Academic Affiliation: Rocky Mountain College
Growing up in Western Nebraska, Stacy has been interested in the Earth and how it really works from a very young age. With the help of some very enthusiastic teachers throughout the years, she had learned to embrace her burning questions about the Earth and its processes. She is a student at Rocky Mountain College in Montana, where she is completing her Bachelor of Science in Geology with particular interest in hydrology and climate change. This summer she had the opportunity to work along side Dr. Kamini Singha, associate professor in hydrology, and graduate student Aaron Bandler from the Colorado School of Mines. The project included assessing aspect control on weathering bedrock, in the Boulder Creek Critical Zone, by using seismic anisotropy velocity models to determine fracture orientation on adjacent hillslopes.

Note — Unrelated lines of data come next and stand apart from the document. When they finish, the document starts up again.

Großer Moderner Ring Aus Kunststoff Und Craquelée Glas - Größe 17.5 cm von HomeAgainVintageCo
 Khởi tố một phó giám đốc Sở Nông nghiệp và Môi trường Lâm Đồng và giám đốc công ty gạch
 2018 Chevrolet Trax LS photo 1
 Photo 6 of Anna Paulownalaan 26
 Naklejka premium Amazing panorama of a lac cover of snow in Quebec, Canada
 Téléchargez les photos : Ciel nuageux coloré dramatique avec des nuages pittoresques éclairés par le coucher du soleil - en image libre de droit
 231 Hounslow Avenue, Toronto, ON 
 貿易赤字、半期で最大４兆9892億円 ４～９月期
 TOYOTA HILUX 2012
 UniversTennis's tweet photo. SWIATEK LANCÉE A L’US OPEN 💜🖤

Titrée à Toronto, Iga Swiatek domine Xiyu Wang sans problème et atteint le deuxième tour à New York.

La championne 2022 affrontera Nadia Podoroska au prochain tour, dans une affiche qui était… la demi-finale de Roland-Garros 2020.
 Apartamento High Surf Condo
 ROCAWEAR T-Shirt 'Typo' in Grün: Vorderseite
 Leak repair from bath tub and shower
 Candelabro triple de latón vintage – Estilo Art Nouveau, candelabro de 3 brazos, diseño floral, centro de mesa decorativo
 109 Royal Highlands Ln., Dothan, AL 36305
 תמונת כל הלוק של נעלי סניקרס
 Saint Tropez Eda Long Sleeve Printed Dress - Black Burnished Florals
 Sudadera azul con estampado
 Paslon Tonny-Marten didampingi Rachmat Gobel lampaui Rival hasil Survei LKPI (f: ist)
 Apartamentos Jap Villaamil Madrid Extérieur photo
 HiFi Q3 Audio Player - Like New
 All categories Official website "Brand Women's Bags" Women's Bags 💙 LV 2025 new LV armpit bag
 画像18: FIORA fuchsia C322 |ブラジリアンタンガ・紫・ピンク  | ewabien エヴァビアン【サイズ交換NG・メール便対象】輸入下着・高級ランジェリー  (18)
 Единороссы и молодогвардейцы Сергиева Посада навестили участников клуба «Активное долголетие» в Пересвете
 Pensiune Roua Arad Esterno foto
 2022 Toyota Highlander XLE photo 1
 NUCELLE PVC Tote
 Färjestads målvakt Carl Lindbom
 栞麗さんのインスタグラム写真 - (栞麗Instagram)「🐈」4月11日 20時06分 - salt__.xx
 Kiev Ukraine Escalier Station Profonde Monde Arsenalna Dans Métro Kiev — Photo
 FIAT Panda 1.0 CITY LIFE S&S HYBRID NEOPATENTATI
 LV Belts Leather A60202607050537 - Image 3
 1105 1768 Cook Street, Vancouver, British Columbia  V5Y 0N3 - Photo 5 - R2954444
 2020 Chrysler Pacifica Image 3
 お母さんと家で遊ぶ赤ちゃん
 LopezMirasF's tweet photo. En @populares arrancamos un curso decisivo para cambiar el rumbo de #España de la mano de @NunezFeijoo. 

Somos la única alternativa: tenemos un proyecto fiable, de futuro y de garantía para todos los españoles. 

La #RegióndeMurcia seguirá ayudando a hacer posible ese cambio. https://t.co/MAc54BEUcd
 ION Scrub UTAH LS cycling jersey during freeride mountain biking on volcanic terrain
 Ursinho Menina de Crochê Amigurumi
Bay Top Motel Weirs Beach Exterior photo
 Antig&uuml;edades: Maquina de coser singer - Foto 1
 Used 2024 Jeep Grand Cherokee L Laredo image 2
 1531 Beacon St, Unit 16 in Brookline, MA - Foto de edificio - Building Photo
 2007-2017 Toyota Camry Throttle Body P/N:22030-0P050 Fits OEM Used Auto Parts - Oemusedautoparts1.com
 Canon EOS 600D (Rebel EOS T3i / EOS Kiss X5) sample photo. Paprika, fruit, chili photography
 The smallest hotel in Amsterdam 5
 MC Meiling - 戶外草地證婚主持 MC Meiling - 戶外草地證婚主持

Assessing aspect control on adjacent weathering hillslopes using seismic anisotropy velocity models within the Boulder Creek Critical Zone Observatory, Colorado
Seismic anisotropy on adjacent hillslopes within the Boulder Creek Critical Zone Observatory (BcCZO), Colorado can help determine the Critical Zone (CZ) structure and its connection with hydrologic infiltration pathways with respect to time. Previous studies suggest that depth to weathering is deeper on the north-facing than on the south-facing slope. However recent surveys of seismic velocities and electrical resistivity of Gordon Gulch imply that there are parallel weathering depths on each hillslope. Our research was conducted using the Shallow Seismic Refraction (SSR) method to determine depth to weathering, which included using a 24-channel Geode Seismometer by Geometrics connected to geophones. Preliminary results indicate that direct-wave velocities are on average at or below 500 m/s, with little variation in orientation on each slope. Deeper apparent wave velocities for each slope are on average at or above 1,000 m/s, with prominent E-W fracture orientations. Implications of these findings are that the loose unconsolidated, matrix supported material is regolith and has no fracture orientation. The material below this appears to be more of a compact, E-W fracture oriented material with faster velocities consistent with saprolite. Recommendations for future work include using further spaced geophones for the SSR method to increase the depth. In addition, ground-penetrating radar (GPR) could accompany infiltration experiments to determine where water is moving and how it’s moving within the soils. This will help with understanding the depth to the water table and how water travels along the north-facing and south-facing slopes, which leads to the weathering of the bedrock.